§ Information shown:

★ ★ ★ ★

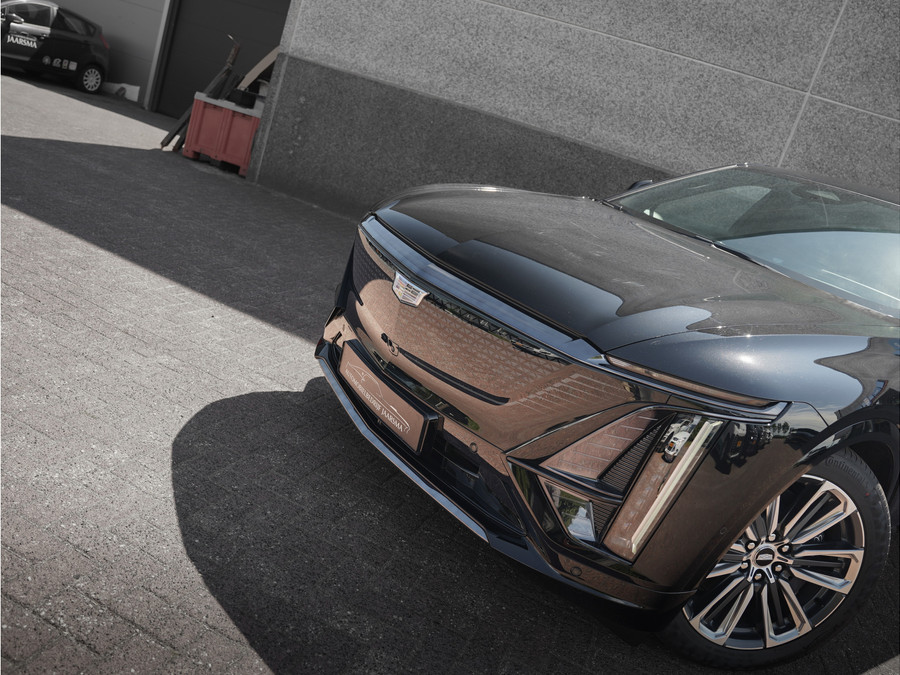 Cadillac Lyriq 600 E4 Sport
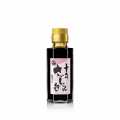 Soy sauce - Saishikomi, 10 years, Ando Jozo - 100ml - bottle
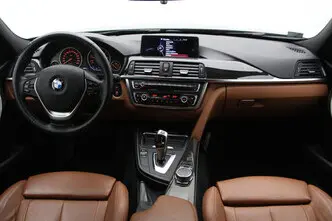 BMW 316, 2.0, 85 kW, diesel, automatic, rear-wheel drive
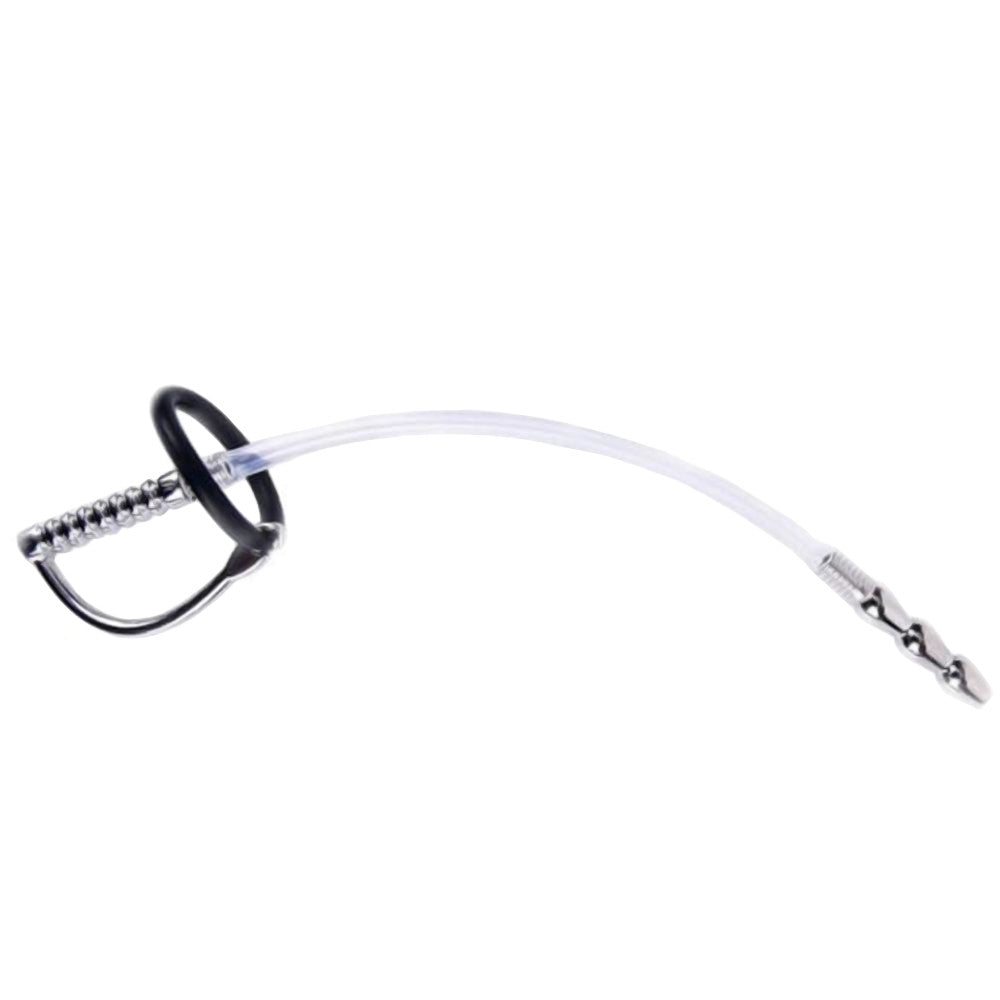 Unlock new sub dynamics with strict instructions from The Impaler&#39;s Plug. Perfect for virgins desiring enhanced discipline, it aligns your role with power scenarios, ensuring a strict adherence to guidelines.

★ ★ ★ ★

§ Exercise objective:
Your copy should hold each line above exactly and no pictures at all.

§ Exercise response:
 Cadillac Lyriq 600 E4 Sport
 Soy sauce - Saishikomi, 10 years, Ando Jozo - 100ml - bottle
 BMW 316, 2.0, 85 kW, diesel, automatic, rear-wheel drive
 Unlock new sub dynamics with strict instructions from The Impaler&#39;s Plug. Perfect for virgins desiring enhanced discipline, it aligns your role with power scenarios, ensuring a strict adherence to guidelines.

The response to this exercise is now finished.